SUPPLIED INFORMATION =
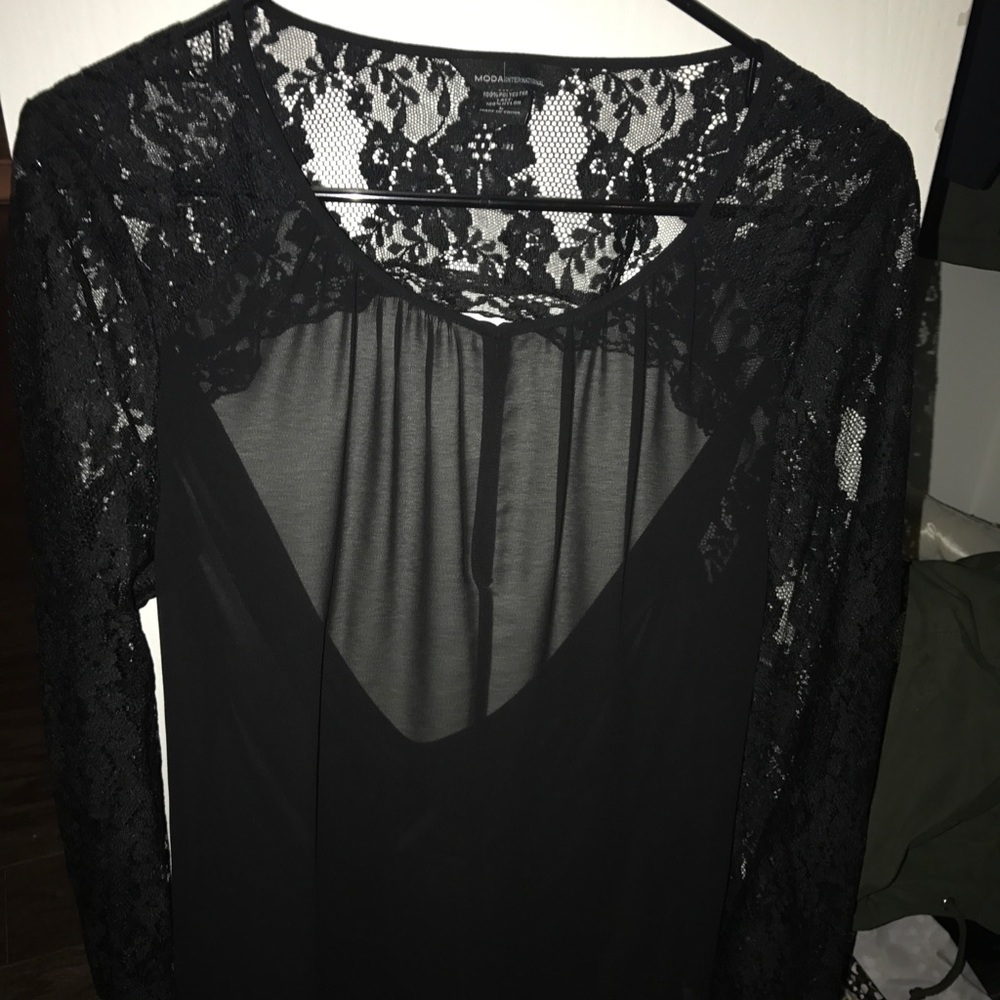 Black lace top back cut out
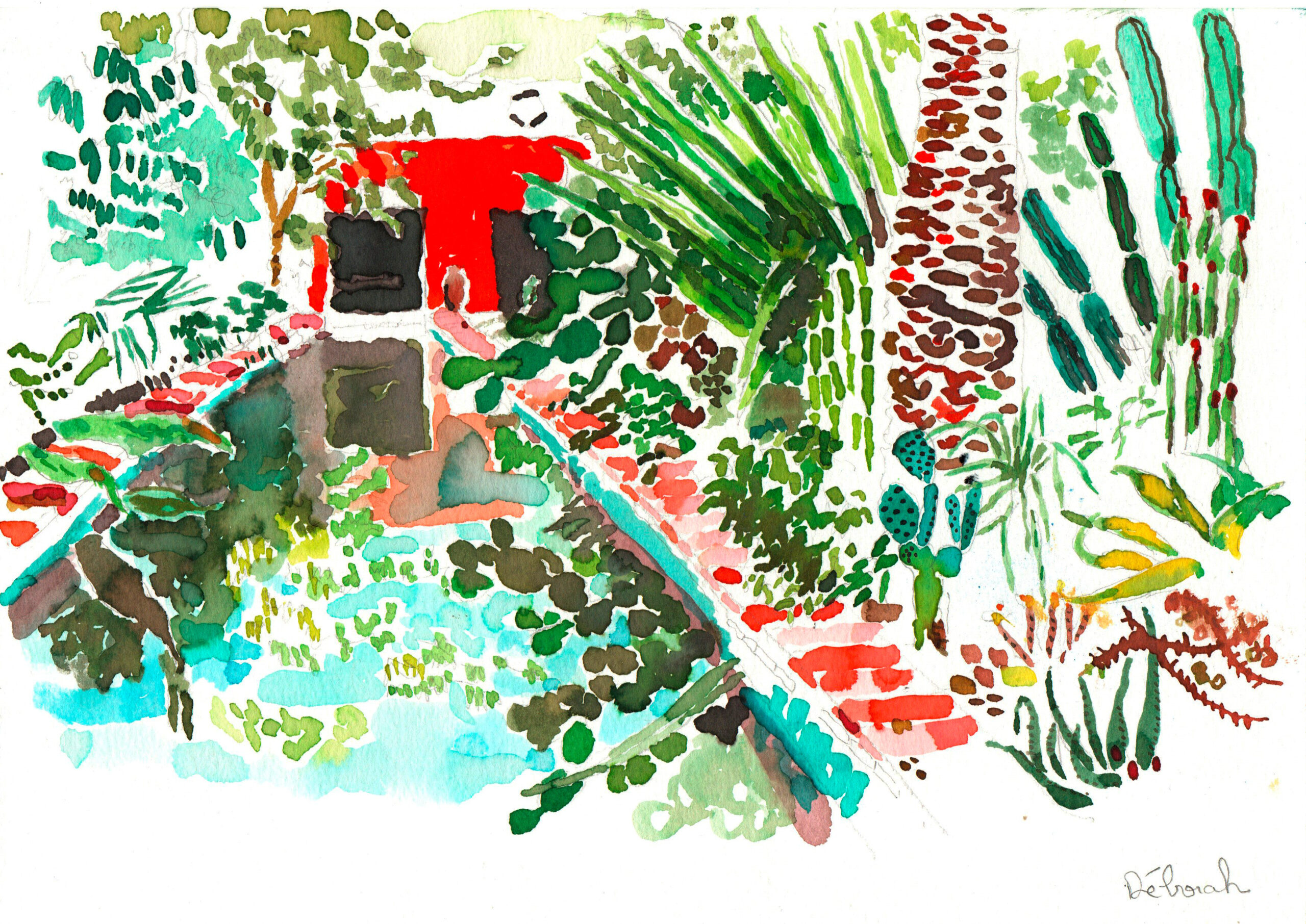 Dessin "cactus à la piscine" – Image 2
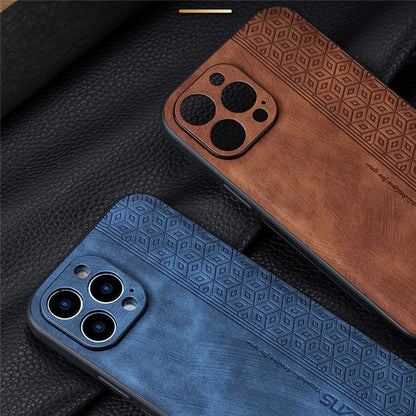 AZNS For iPhone 16 Pro Case Protective PU Leather Covered TPU Phone Shell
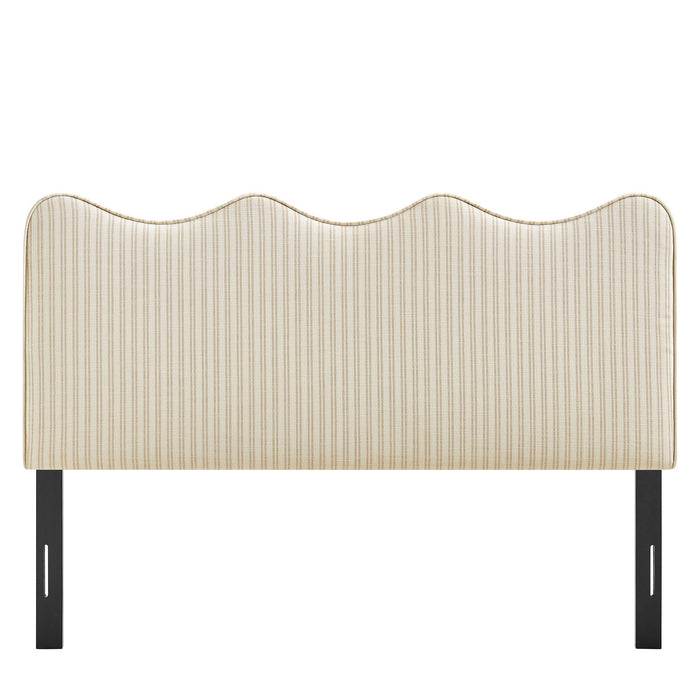 Athena Striped Fabric Upholstered Headboard Oatmeal Stripe / Queen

WHAT IS REQUIRED =
Only the lines from the one containing "AZNS For iPhone" through the final line of the data are to be written out, exactly as they stand and without pictures.

TASK SOLUTION =
 AZNS For iPhone 16 Pro Case Protective PU Leather Covered TPU Phone Shell
 Athena Striped Fabric Upholstered Headboard Oatmeal Stripe / Queen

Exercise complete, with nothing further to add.